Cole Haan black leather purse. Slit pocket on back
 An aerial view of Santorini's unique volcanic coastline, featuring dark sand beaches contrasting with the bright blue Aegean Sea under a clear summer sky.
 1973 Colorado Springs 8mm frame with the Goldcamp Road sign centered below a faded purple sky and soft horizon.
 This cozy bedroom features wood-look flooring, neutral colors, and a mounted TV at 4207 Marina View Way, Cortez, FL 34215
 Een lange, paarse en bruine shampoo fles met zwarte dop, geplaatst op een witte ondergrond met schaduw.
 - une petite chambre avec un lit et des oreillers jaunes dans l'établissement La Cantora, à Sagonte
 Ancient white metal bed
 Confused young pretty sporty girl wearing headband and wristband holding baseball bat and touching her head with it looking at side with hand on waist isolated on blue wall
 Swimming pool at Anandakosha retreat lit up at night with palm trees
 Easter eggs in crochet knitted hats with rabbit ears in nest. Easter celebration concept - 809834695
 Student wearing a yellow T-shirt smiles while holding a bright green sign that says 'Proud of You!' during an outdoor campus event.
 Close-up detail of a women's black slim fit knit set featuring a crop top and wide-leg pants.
######
→ Exercise prompt
In the listing above, find the line containing "Een lange, paarse" and the line containing "Ancient white metal bed", then repeat those two lines and everything between them exactly.

→ Response area
 Een lange, paarse en bruine shampoo fles met zwarte dop, geplaatst op een witte ondergrond met schaduw.
 - une petite chambre avec un lit et des oreillers jaunes dans l'établissement La Cantora, à Sagonte
 Ancient white metal bed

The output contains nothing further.